Алла покачала головой и остановилась, чувствуя, что не в силах больше сдерживаться и быть сильной.
На половине пути, под утренним солнцем, она заплакала, опустив голову, а Антон, растерявшись и не зная, что делать, несмело обнял ее одной рукой за плечи, второй продолжая поддерживать под локоть. Вид у него был растерянный, и он смотрел в голубое звонкое небо слегка покрасневшими глазами, боясь, что кто-нибудь увидит их.
Алла плакала – молча, почти беззвучно, уткнувшись сыну в плечо, а тот опустил взгляд, словно боясь, что и ему в глаза попадет яркое утреннее солнце.
– Все в порядке, – сказал Антон тихо. – Пойдем в машину.
Мать подняла голову и улыбнулась ему сквозь слезы.
«Мама, я не хотел, чтобы все так получилось».
«Ничего страшного, сынок».
* * *
После всего, что произошло в клубе и в больнице, домой я вернулась часов в девять, вымотанная, но, как ни странно, довольная. Антон встретился с матерью, и, кажется, между ними что-то произошло – не на внешнем уровне, а на уровне эмоциональном, глубоком. Возможно, между ними вновь протянулась та самая тонкая, пока еще совсем слабая нить, соединяющая мать и сына. По крайней мере, я надеялась на это.

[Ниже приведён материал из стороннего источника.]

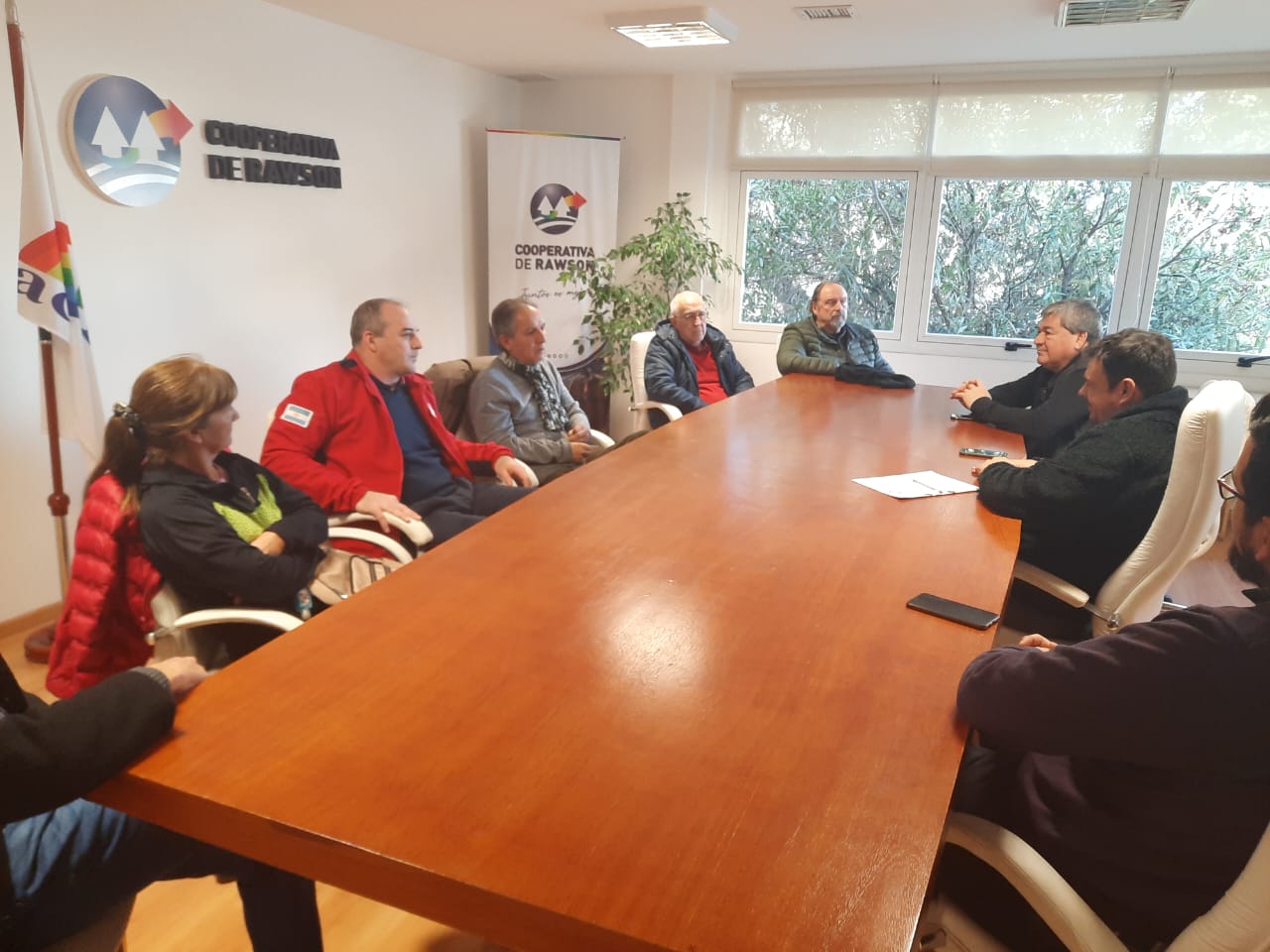 La Cooperativa y los Bomberos acordaron trabajar en conjunto en el programa “Rawson Ciudad Segura”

Я видела, как плакала Алла Георгиевна, уткнувшись сыну в плечо, а Антон обнимал ее осторожно, вполсилы, и выглядело это весьма трогательно. Я была уверена, что они уже много лет не стояли вот так близко и не обнимали друг друга, и в какой-то момент поняла, что не только Антону было тяжело. Наверняка и Алла нелегко переносила их затянувшийся конфликт и совершала все новые и новые ошибки, упрямо не замечая этого и считая, что желает своим сыновьям лишь добра.
В эти минуты, пока они стояли вместе, она выглядела беззащитно, как всякая мать, боящаяся потерять своего сына.